NEWPORT NEWS, Va. (WAVY) — The bourbon boom happening across the country has made its way to the Virginia Peninsula. Soon, a 102-year-old building in Newport News will house a bourbon micro-distillery, which should help both the city’s economy and its goal of giving the downtown area a new look.

“Bourbon and rye are the only two alcohols only made in America,” said Owen King. “So, there’s nothing more American than bourbon, and it’s really nice to have something in downtown Newport News where the ship building is, where city hall is.”

Years ago, King’s father bought the 30,000-square-foot building on 23rd Street for his restoration company, but he always had plans to do more with it. One idea that kept popping up was to start a family-owned bourbon distillery. And now that idea is close to realization.

On Tuesday, found firefighters charting out emergency routes inside the building that will soon be Ironclad Distillery. The name references the 1862 battle that Mariner’s Museum officials say would have been visible from the distillery’s location.
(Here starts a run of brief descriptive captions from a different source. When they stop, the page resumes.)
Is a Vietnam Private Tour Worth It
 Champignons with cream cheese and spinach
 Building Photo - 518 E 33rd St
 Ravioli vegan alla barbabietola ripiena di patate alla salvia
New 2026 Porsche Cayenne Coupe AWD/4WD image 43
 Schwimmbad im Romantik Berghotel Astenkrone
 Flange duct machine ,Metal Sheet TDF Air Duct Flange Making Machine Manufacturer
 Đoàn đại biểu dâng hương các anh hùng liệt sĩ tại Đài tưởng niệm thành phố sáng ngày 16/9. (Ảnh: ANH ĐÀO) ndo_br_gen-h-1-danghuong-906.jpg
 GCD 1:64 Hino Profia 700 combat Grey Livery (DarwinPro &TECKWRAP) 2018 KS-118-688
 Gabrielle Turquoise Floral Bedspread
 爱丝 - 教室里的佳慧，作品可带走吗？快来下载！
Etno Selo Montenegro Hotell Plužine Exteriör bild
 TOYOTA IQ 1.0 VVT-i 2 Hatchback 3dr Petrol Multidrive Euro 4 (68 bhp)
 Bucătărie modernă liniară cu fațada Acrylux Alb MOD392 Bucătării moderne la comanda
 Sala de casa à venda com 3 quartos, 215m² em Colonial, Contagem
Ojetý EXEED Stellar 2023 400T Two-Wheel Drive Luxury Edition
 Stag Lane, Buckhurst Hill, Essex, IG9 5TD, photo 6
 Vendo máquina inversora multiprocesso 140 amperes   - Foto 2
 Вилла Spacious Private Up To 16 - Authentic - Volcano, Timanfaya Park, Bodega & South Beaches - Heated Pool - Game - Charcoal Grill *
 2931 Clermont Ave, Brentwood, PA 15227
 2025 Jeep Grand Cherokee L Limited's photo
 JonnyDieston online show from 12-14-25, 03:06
Photos: Ironclad Distillery

City officials say this is just one piece of the puzzle for what’s in store for downtown Newport News. 10 On Your Side saw evidence of work to revitalize an area that many have said has been dead or dying for a long time.

“It certainly adds diversification to the area that’s primarily been known as a waterfront industrial sort of area,” said George Schraudt, Senior Economic Analyst for the city of Newport News.

“We think that it will help the perception that downtown is dying, that there’s nothing down here, and it will give it interest again,” said Tricia Wilson, Business Development Specialist for the city of Newport News.

Already, there are signs of change nearby: new apartments along 26th Street and Washington Avenue close to the new apprentice school. And there are plans for more growth in time.

“If they had a whole bunch of restaurants down here, it would not only be a place where you could tour a bourbon distillery, then go grab dinner somewhere,” King said. “That’d be a great thing on a Friday night to do.”

It’s clear there’s still a lot of work to be done before opening day at the distillery. While Owen works to towards a goal of 5,000 gallons of bourbon produced there each year, he has plenty of people rooting for his success. Ironclad Distillery is just waiting on one final inspection from the city. The business hopes to be operational by May and, at some point, add tastings and tours.